Analysts attribute the protracted slump in returns to shareholders to escalating operating and underwriting expenses in the face of inflationary pressures.

They add that firms spend a lot of money in the acquisition of latest technology, staff training and recruitment, and diesel costs since electricity from the grid is unreliable.

Nigerian insurers are not making underwriting profit as average industry combined ratio hit 125.89 percent in December 2019, higher than the 100 percent benchmark, according to the data.

Analysts at Coronation Merchant Bank believe that low profitability results in lack of investment in technology necessary to bolster efficient and underpin seamless operations.

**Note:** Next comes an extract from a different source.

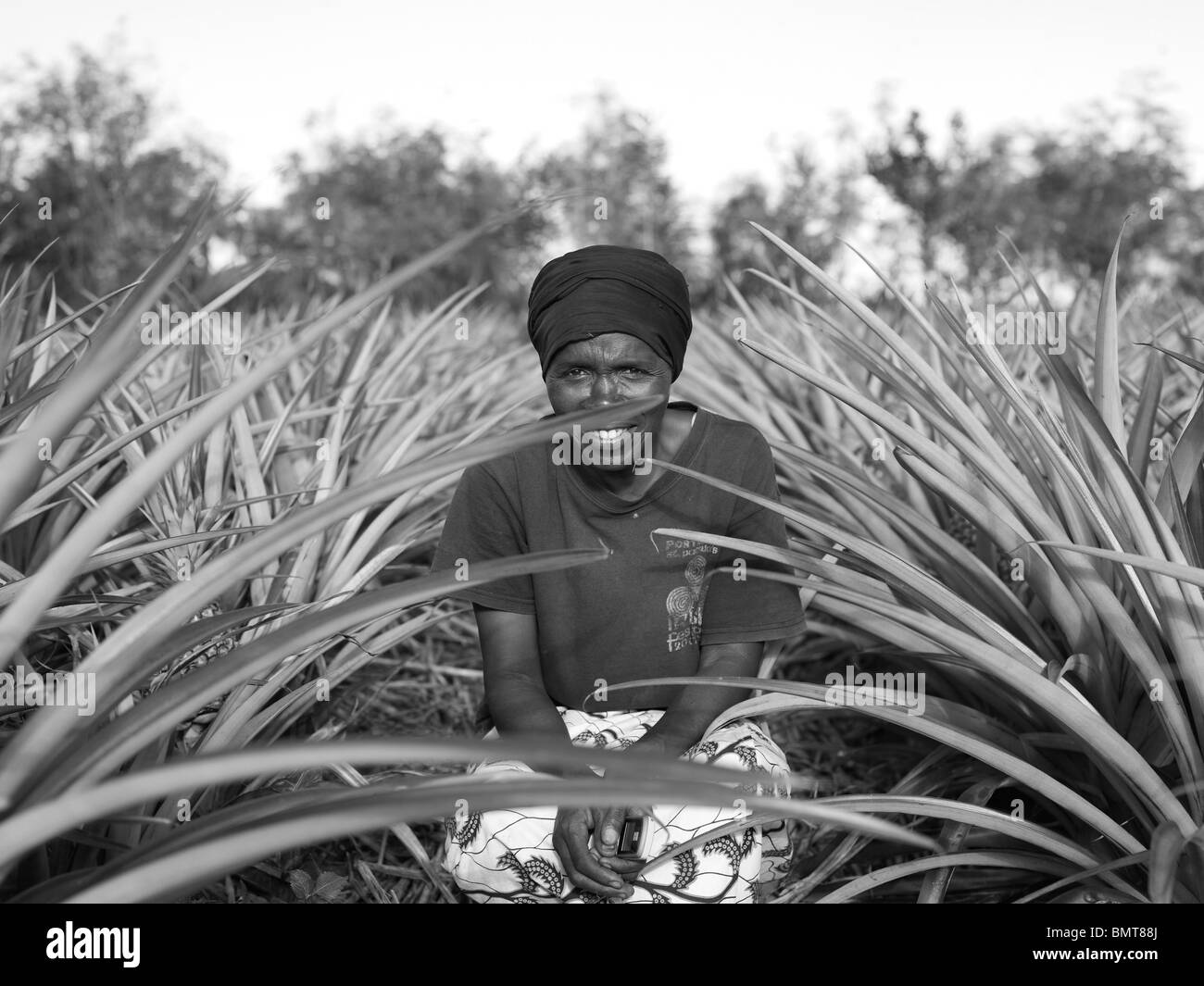 Afrikanische Dame in einem Ananas-Feld nach dem Völkermord in Ruanda Stockfoto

The key difficulty, we believe, is lack of scale, according to the analysts.

“Composite insurers, like all insurers, have a level of fixed costs which can only be justified by levels of business, but most Composite insurers lack the level of business to absorb these central costs sufficiently,” they say.

African Alliance Insurance recorded a loss of N7.26 billion as at December 2019, while a negative total equity of N11.34 billion means it total liability exceeds total assets.

Niger Insurance plc posted a loss of N1.65 billion in the period under review, and its management expenses are 1.37 times net premium income of N1.84 billion.

Guinea Insurance recorded a loss of N795.04 billion as at December 2019, and it combined ratio stood at 1.27 percent as it continues to grapple with receding revenue.

However, some companies were reliant on investment returns to shore up profit and deliver returns to shareholders.

For instance, Leadway Assurance Limited, the largest insurer by assets, revenue and total equity, saw return on equity increased to 18.35 percent in December 2019 from 14.27 percent as at December 2018.

Leadway Assurance’s net income spiked by 26.53 percent to N9.19 billion as at December 2019, thanks to income from investment income and foreign exchange gains of N64.76 billion that helped compensate for underwriting loss of N47.05 billion.

AIICO Insurance’s ROE rose to 27.11 percent in the period under review as against 24.41 percent the previous year. AIICO’s net income surged by 86.24 percent to N5.86 billion in the period under review, thanks to contribution from investment income and other income to a tune of N10.53 billion that wiped out N6.8 billion underwriting loss.

However, right now insurers are facing a perfect storm as a precipitous decline in yield on treasury instrument, combined with the unprecedented economic uncertainties caused by the coronavirus pandemic, all will damp future earnings, expert say.

“Lower demand and investment returns, a significant deterioration in the credit quality of fixed income securities and increased mortality rates from the virus could pressure earnings in the life segment, while a rise in COVID-19 related claims, premium rebates and lower interest rates could affect non-life,” according to analysts at Afrinvest Securities Limited.